Getting the facts right on departmental tenure

Oct 1, 2023
The green grassy slope next to the Australian Parliament House in Canberra.

Commentary on the tenure of Secretaries of Commonwealth Government departments is becoming perilous territory as those wading into it continue to make basic errors of fact.

Geoffrey Hawker is the latest to do so (“Tenure and its Troubles”, Pearls and Irritations, 17 September 2023).

Let’s take four of Hawker’s statements.

  1. “The trajectory from Whitlam through Fraser to Hawke brought changes to tenure…”.

That is partially true although a misrepresentation. There were no changes under Whitlam who continued longstanding practice of maintaining the right of governments to move Secretaries from particular positions but then finding them other ones. No Secretaries were sacked by Whitlam and the relevant laws were not changed.

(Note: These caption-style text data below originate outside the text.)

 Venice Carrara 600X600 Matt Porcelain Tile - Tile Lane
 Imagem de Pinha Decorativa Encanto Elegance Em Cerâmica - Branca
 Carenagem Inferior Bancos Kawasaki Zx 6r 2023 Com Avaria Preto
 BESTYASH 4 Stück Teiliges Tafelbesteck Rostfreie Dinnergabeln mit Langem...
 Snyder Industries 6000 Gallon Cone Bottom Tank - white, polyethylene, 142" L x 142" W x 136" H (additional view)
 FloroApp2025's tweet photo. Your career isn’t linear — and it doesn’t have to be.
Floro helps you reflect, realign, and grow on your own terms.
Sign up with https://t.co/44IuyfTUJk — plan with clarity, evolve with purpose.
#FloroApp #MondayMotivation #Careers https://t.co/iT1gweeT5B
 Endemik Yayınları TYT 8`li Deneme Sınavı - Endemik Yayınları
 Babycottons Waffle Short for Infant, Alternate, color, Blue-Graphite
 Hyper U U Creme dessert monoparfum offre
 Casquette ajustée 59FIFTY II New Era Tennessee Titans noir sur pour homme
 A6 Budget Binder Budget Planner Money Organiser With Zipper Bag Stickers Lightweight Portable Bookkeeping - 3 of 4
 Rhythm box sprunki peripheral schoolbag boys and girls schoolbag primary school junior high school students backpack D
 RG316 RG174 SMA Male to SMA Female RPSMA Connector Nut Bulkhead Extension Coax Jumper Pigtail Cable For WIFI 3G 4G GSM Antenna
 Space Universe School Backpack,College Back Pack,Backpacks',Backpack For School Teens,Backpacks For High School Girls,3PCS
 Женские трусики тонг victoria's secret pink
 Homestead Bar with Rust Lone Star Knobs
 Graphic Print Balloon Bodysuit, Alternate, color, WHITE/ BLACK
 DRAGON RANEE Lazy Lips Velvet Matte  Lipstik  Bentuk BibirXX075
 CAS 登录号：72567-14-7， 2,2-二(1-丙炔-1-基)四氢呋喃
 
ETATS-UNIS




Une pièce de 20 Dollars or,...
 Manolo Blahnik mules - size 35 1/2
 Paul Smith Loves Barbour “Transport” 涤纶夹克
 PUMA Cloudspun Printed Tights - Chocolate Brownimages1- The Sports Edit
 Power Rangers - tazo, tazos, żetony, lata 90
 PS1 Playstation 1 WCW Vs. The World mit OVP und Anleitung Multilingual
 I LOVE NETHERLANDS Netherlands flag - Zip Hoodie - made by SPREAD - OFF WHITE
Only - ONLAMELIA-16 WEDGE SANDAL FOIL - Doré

Fraser introduced a system such that if the Government appointed a person not nominated by the Chairman of the Public Service Board or a committee headed by the Chairman, that appointment was to be for a period of not more than five years and, in the event of a change of government, such an appointee could be sacked. No such appointments were made.

The Hawke government abandoned the Fraser procedures and essentially re-introduced the pre-existing laws and administrative arrangements and strengthened them.

  1. “The changes to tenure that came with Hawke in 1983 were justified by reference to the Coombs (Royal Commission on Australian Government Administration) Report, though it had not contained such a specific proposal.”

While it doesn’t matter much that the Hawke government changes were introduced in 1984, its decision to adopt a more active policy of rotation of Secretaries exactly reflected a precise recommendation of the Coombs report which said that “…we are firmly of the view that it should be the practice for departmental heads to be moved and that, unless there are special reasons, they should not remain in one department for more than seven years.” The Hawke government decided that this policy should be administered flexibly and that any Secretaries moved from one position should be found other ones. That is to say, the Hawke government abolished fixed period contracts and gave stronger guarantees of tenure.

  1. “…commentators were able to argue that contracts were consistent with Coombs” and that “the Labour changes of 1983 were consistent with such an approach.”

It’s as well that Hawker doesn’t identify any of the “commentators” to whom he refers as that would be embarrassing for them as the Coombs report argued strongly against fixed period contracts. It said, for example, that “We have come to the conclusion that any advantages accruing from a system of fixed period appointments are outweighed by the disadvantages” and that “A universal and mandatory system of fixed period appointments would introduce a degree of rigidity into the staffing of senior positions in departments which governments could find highly inconvenient and an impediment to the execution of their policies”. The Labor changes in 1984 were consistent with that view and, as indicated, they didn’t introduce or further fixed period appointments, they abolished them.

  1. By the time of the Block Scrutiny Unit in 1986 “..the contract regime was by then well in place…”.

In truth, in 1986 there was no contract appointment system for departmental Secretaries. That was not introduced until 1994 as a justification for a pay increase.

All of this, of course, is ancient history but it doesn’t deserve to be distractingly misrepresented.